**EXERCISE**
Your reply should consist only of the lines from the one holding "Chesil Beach, Dorset,UK" to the last line of the data below, written out exactly and without pictures.

**MATERIAL PROVIDED**
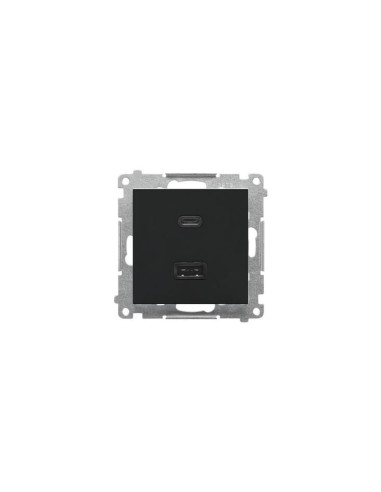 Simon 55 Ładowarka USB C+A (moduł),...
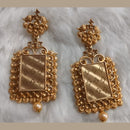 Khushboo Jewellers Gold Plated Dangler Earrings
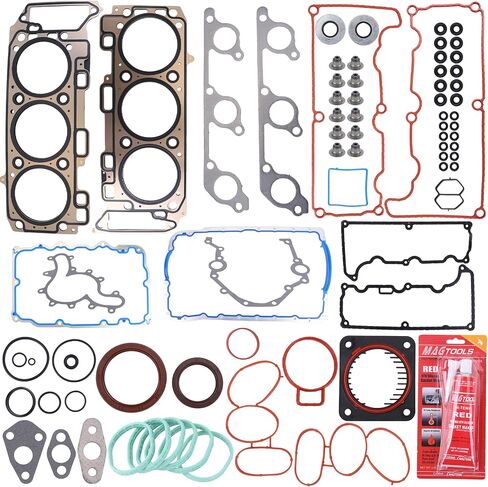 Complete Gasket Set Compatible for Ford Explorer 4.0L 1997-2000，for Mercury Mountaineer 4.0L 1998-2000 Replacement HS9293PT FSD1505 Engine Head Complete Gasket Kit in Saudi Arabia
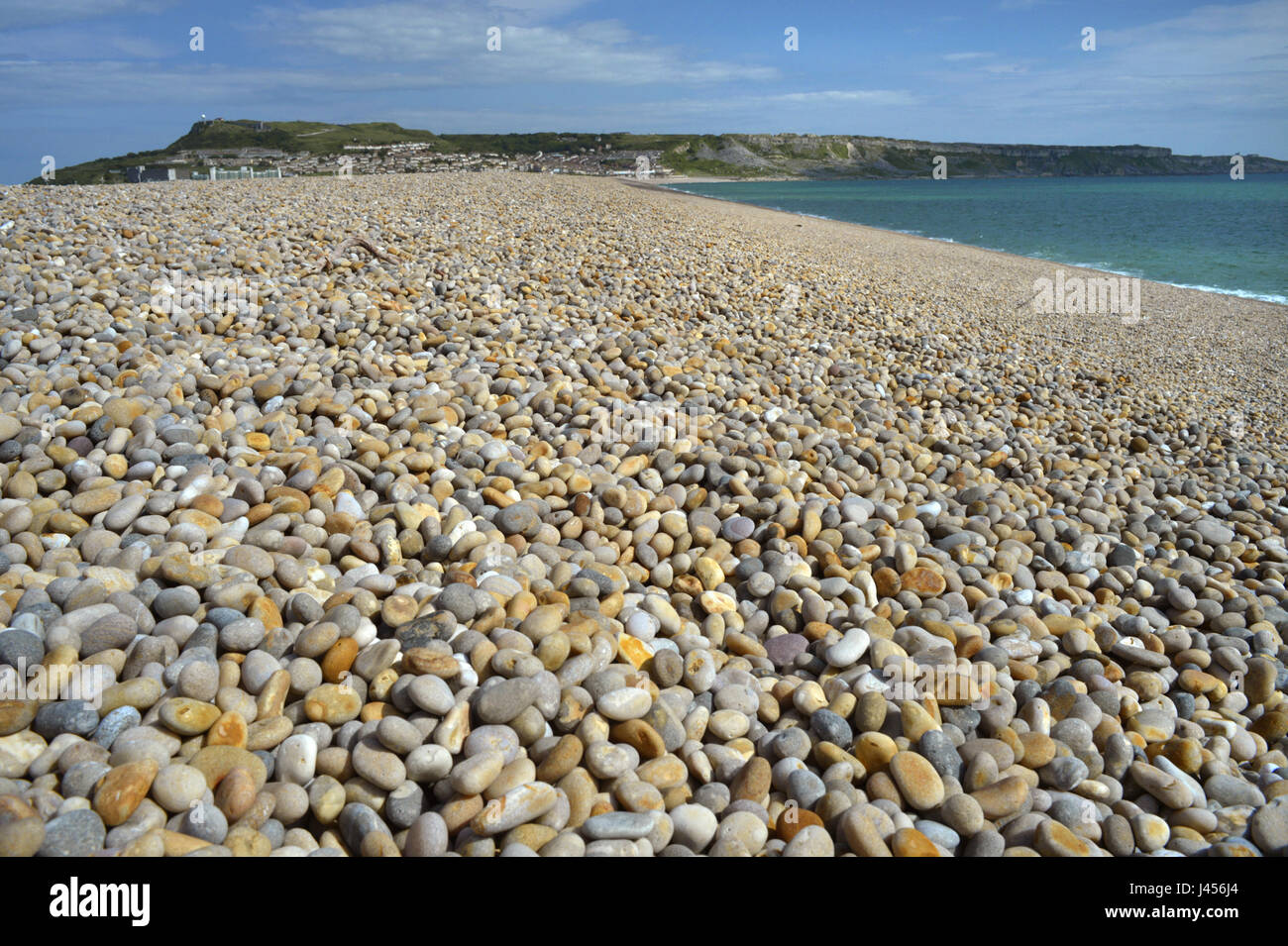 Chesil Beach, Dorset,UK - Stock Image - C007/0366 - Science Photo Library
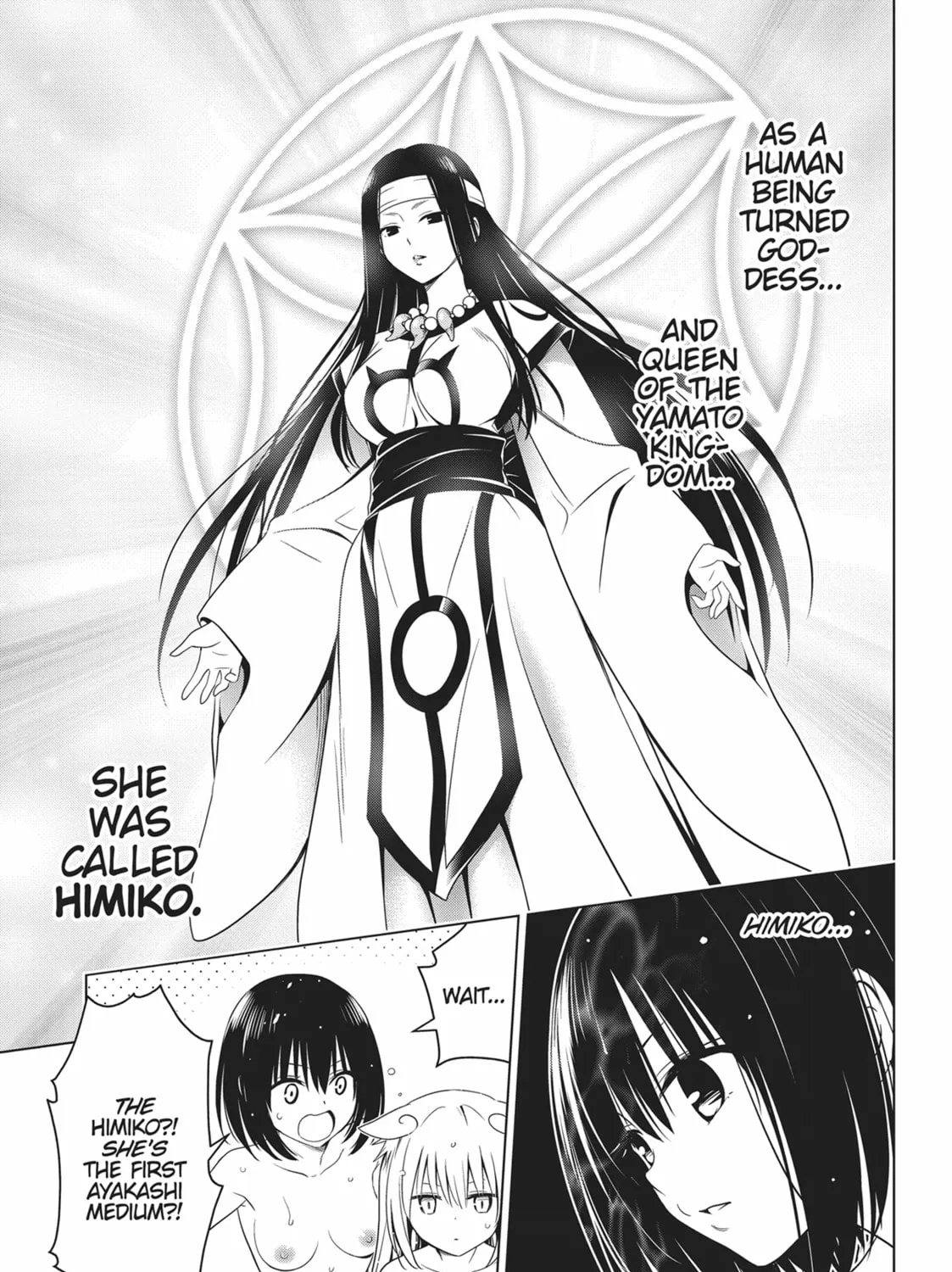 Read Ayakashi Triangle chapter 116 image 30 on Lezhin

**RESULT FOR THIS TASK**
 Chesil Beach, Dorset,UK - Stock Image - C007/0366 - Science Photo Library
 Read Ayakashi Triangle chapter 116 image 30 on Lezhin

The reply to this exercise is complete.